Lors de la publication du premier tome, celui-ci est critiqué par une certaine catégorie d’intellectuels ou de marxistes. Les raisons sont en rapport aux textes décrivant le jansénisme, et les jésuites, ainsi qu’un manque de distinction quant à la classe de Blaise Pascal. Suite à ces multiples remarques, Henri Lefebvre écrit un deuxième tome dans lequel il fait son procès dès son introduction. Son objectif dans ce livre est de percer le secret de l’aliénation chez Blaise Pascal et de faire la part aussi au matérialisme. Il rajoute aussi un passage sur la noblesse de robe car des critiques faites, celle-ci en était la plus virulente.
Henri Lefebvre entreprend ensuite de s’attaquer à l’oeuvre de Musset.
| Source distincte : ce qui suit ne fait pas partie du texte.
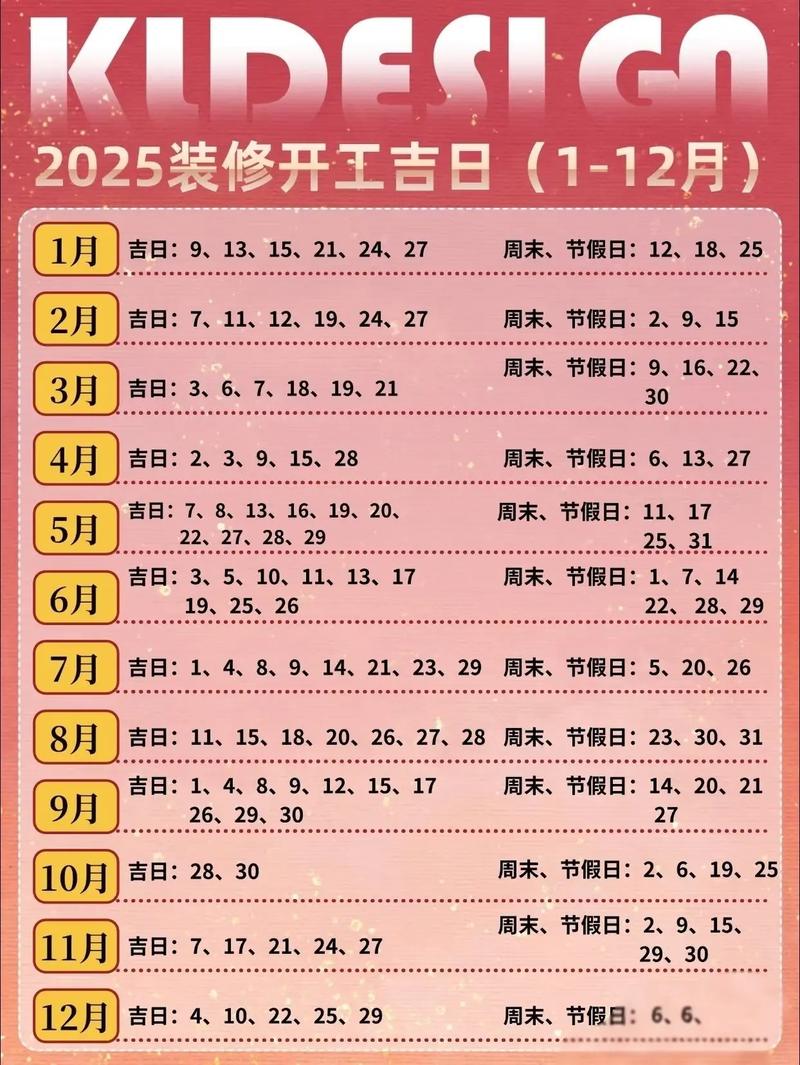 2025年12月9日农历十月二十，有哪些宜装修新房的吉日推荐？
Il produira sur ce sujet un petit livre en 1955. Son objectif est de comprendre pourquoi chez ce grand poète lyrique le sens de son oeuvre a-t-il perdu de son éclat au fil du temps.
Voici ce qu’il dit à ce sujet « Aujourd'hui, Musset lyrique s'éloigne. Définitivement ? Qui oserait l'affirmer ? Cependant Baudelaire l'a supplanté comme poète du déchirement entre la pureté et la souillure, entre l'idéal et le réel. [...] Voilà donc le paradoxe, le cas, le problème. Il se pose devant nous avec une dure objectivité ; celle de l'histoire. La survie d'une oeuvre a débordé la vie et peut-être les intentions de son auteur, à coup sûr les jugements de ses contemporains. Nous nous abstiendrons de déclarer solennellement ici, au début de cette brève étude, que le «problème Musset » a une importance particulière, une signification profonde. En admettant que nous parvenions à le résoudre. Pourrions-nous donner les lois de la métamorphose des oeuvres, et en tirer des prévisions valables en ce qui concerne notre époque ? Rien de moins sûr. Cependant, peut-être aurons-nous l'occasion de pénétrer quelques « secrets » de la création littéraire et du rapport entre l'homme, l'oeuvre et les conditions historiques.
Mettons le mot « secret » entre d'ironiques guillemets ; car peut-être s'agit-il de simples vérités, d'évidences rarement aperçues parce que trop simples (H. Lefebvre, 1955²a, p.14) ».
Ce travail s’inclut dans le sens que donne Henri Lefebvre au travail sur l’oeuvre à la découverte du sens de l’esthétique.
Il y a aussi le livre sur Rabelais. Henri Lefebvre le qualifie de clarificateur. «Rabelais eut le génie d’un clarificateur. Il plongeait dans le passé en rejetant le dépassé, en apercevant le possible. Il parvint ainsi non seulement à «exprimer» son temps, c'est-à-dire à le formuler, et à agir sur lui dans le sens du possible prochain, mais à aller au-delà, dans le sens du possible le plus lointain et le plus grandiose - le règne de la liberté (H. Lefebvre, 1955²b, p. 31) ». C'est-à-dire que Rabelais, contrairement à Pascal, tente de définir le possible dans les germes des idées naissantes. Dans ce projet d’écriture sur Rabelais, H. Lefebvre souhaite mettre au jour ce qui fait de cet homme un Homme total. Il écrit alors dans son introduction « le grand artiste et la grande oeuvre d’art s’efforcent de saisir - en images et en types - la totalité de leur temps (l’homme total dans une époque et une société déterminées) (H. Lefebvre, 1955²b, p. 31) ».